After too much time spent upgrading 2 machines, here are my impressions:
Microsoft, why do you make it so hard to get legal media from you when the software is heavily key protected anyway? You're only hiding it from your paying customers at this point... It's pretty pathetic that users can't just easily download a safe version of each release (including the enterprise one which I was after) from their website
While the newer interface is pretty nice, I have yet to find how to change display settings in file explorer (show hidden files or don't hide file extensions and stuff like that). By the way, why is it a good idea to hide file extensions again?
Junctions, really? First, Microsoft had to make bogus symlinks otherwise known as shortcuts, and when they realized that they were crap and didn't really work, they had to make junctions instead. Junctions are deep magic that is hard to create or deal with for a user, and they look exactly the same than shortcuts in explorer. Worse, you can't edit/modify any file in a directory you own if you got there through a junction and get no useful error message. In other words, they still fucked up symlinks!
It's pretty wild to see junctions with the exact same name than a file in a given directory. It makes no sense at all.
They moved things around, but 20 years later, there is still no way to know who owns a given file on the filesystem to know if it's safe to move/remove, nor is there a way to check the integrity of all files from a given software package, or the operating system (some software and the OS do their own somewhat, but no comprehensive way for the user to do that). Linux has had that for a good 15 years.
This then brings up to windows rot, or the fact that over time DLLs get corrupted, replaced by other incompatible ones, malware modifies the system, and hard drive problems or unclean shutdowns delete files. I've never ever had to re-install a single linux system because I didn't know what state it was in or how to fix it. I could always tell which files were missing, or corrupt by checking the file database and re-install necessary packages. With windows, you _still_ have to wipe and re-install the entire system. Microsoft, hello! This isn't 1995 anymore (actually linux had fixed that problem around 1995 already).

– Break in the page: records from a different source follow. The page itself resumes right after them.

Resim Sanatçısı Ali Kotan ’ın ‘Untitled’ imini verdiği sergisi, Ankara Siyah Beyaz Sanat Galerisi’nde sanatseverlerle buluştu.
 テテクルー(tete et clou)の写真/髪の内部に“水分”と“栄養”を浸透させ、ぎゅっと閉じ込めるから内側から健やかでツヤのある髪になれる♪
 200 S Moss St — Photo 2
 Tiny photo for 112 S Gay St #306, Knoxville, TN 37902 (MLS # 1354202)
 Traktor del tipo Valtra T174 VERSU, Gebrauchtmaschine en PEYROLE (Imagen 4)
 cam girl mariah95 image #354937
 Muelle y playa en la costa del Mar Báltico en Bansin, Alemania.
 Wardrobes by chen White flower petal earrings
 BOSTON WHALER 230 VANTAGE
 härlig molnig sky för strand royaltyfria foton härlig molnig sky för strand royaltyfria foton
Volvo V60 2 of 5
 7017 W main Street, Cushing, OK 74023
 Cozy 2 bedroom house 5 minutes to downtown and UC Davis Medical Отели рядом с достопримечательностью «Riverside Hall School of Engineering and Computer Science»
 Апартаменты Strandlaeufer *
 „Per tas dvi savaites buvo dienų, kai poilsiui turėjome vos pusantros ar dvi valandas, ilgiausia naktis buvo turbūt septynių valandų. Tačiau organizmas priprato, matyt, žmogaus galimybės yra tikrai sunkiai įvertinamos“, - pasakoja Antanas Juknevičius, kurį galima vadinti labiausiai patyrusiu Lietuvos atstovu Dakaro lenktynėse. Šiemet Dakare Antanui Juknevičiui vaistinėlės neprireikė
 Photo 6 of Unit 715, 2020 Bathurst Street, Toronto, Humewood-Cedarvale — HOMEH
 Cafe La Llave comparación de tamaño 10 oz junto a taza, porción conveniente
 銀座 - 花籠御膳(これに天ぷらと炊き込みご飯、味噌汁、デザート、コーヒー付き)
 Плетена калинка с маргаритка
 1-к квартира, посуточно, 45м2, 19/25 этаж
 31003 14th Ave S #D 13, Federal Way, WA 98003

installing LJ4 printer was totally ridiculous, it took me close to 2 hours to get its drivers from microsoft update. Why? Well, if you install \\lj4\ it will allow to you click on 'get from MS update' instead of 'have disk'. When I was trying to instead install \\gargamel\lj4, it only gave me 'have disk', which I of course didn't have. Back in XP days it had ironically be much quicker to install.
speaking of MS update, it was pretty good and automated, but I eventually hit an auth loop with 'server coultermicrosoftonlinee-1.sharepoint.microsoftonline.com requires user and password in 'a program running on tihs computer is trying to display a message'. This kept popping up because of some MS office update. The problem is that when MS update runs at shutdown or reboot, it has no way to display that message and just hangs without telling you.
It took hours to realize that I had a mostly hidden auth loop in access KB979440 update and infopath KB979441 update, which I had to manually blacklist for things to go back to normal.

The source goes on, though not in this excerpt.